In the entries that follow, the lines from the one with "サンクレール志紀 その他設備" through the one with "Adidas Forum Low" are the ones to write out, exactly and with both ends included. Nothing else should appear.

────────

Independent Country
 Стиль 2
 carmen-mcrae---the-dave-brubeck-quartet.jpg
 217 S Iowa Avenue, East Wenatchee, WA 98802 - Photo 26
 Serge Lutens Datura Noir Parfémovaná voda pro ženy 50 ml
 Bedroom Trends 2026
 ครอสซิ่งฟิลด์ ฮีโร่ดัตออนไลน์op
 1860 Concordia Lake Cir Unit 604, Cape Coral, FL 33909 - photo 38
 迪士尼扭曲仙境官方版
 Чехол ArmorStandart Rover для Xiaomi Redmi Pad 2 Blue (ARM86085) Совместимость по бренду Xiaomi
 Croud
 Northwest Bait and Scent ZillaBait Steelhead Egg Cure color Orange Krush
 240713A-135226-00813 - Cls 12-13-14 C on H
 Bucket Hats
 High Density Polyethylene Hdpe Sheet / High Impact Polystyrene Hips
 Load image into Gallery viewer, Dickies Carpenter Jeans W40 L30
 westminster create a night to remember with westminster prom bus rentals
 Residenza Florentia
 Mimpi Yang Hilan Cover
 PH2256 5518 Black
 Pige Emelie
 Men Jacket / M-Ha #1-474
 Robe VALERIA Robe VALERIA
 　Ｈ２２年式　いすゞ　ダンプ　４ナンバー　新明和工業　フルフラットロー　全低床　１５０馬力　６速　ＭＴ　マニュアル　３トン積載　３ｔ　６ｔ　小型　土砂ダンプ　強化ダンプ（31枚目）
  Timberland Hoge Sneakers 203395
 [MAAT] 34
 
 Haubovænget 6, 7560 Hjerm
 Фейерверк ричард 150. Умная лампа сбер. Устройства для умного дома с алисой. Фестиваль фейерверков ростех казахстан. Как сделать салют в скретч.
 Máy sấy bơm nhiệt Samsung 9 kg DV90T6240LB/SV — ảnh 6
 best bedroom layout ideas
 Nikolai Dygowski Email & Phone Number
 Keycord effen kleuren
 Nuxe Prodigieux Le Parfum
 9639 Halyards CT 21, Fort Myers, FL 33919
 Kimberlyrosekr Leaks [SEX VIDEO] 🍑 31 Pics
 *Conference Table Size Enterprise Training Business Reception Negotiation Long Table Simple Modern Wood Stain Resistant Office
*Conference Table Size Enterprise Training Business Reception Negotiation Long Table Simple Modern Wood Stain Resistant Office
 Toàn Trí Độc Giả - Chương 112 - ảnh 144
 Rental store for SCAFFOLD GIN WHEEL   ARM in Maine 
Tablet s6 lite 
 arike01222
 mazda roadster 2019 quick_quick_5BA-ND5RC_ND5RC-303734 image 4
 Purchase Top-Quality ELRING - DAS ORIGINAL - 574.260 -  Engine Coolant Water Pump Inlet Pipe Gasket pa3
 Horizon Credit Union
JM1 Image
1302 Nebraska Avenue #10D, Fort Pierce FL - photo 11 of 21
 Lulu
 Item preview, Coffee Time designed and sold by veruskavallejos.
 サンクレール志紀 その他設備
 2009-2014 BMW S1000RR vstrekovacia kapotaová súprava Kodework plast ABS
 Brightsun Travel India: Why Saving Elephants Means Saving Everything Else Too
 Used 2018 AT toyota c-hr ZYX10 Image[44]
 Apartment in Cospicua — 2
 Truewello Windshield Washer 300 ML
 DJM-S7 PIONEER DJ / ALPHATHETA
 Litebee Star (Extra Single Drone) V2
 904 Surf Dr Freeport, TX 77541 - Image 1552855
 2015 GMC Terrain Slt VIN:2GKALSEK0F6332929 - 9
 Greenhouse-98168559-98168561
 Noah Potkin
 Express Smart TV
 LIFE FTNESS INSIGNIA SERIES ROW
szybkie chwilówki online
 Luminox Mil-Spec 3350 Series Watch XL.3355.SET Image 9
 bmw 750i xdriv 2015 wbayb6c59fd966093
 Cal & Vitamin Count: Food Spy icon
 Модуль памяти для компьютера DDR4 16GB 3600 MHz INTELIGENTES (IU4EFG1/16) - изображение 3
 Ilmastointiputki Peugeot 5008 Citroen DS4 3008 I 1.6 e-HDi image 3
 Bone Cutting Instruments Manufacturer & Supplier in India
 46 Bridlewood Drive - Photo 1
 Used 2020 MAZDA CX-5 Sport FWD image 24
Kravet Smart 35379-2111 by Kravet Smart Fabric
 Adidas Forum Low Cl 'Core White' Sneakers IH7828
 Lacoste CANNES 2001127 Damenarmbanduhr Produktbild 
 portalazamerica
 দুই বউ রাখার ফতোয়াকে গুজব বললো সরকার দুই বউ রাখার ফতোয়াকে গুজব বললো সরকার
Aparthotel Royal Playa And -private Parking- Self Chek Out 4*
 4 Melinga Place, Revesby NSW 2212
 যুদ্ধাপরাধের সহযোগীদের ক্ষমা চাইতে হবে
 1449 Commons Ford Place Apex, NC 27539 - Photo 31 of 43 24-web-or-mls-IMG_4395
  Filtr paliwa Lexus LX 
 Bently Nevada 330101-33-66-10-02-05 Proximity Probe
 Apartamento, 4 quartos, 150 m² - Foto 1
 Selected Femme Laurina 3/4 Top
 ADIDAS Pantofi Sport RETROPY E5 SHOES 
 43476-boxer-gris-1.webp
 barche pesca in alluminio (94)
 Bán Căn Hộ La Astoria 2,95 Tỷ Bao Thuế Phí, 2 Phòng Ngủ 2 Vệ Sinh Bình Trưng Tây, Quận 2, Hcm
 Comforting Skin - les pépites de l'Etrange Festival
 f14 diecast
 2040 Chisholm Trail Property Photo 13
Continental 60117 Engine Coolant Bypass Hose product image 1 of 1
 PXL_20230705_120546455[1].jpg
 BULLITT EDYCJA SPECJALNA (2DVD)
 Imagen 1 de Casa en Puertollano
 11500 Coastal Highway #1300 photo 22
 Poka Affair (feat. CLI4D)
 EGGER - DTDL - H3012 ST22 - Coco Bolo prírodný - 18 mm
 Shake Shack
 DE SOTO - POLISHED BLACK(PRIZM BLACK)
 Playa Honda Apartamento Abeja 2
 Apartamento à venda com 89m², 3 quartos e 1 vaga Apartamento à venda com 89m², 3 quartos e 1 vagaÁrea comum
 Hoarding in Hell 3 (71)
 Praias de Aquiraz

────────

• Result:
 サンクレール志紀 その他設備
 2009-2014 BMW S1000RR vstrekovacia kapotaová súprava Kodework plast ABS
 Brightsun Travel India: Why Saving Elephants Means Saving Everything Else Too
 Used 2018 AT toyota c-hr ZYX10 Image[44]
 Apartment in Cospicua — 2
 Truewello Windshield Washer 300 ML
 DJM-S7 PIONEER DJ / ALPHATHETA
 Litebee Star (Extra Single Drone) V2
 904 Surf Dr Freeport, TX 77541 - Image 1552855
 2015 GMC Terrain Slt VIN:2GKALSEK0F6332929 - 9
 Greenhouse-98168559-98168561
 Noah Potkin
 Express Smart TV
 LIFE FTNESS INSIGNIA SERIES ROW
szybkie chwilówki online
 Luminox Mil-Spec 3350 Series Watch XL.3355.SET Image 9
 bmw 750i xdriv 2015 wbayb6c59fd966093
 Cal & Vitamin Count: Food Spy icon
 Модуль памяти для компьютера DDR4 16GB 3600 MHz INTELIGENTES (IU4EFG1/16) - изображение 3
 Ilmastointiputki Peugeot 5008 Citroen DS4 3008 I 1.6 e-HDi image 3
 Bone Cutting Instruments Manufacturer & Supplier in India
 46 Bridlewood Drive - Photo 1
 Used 2020 MAZDA CX-5 Sport FWD image 24
Kravet Smart 35379-2111 by Kravet Smart Fabric
 Adidas Forum Low Cl 'Core White' Sneakers IH7828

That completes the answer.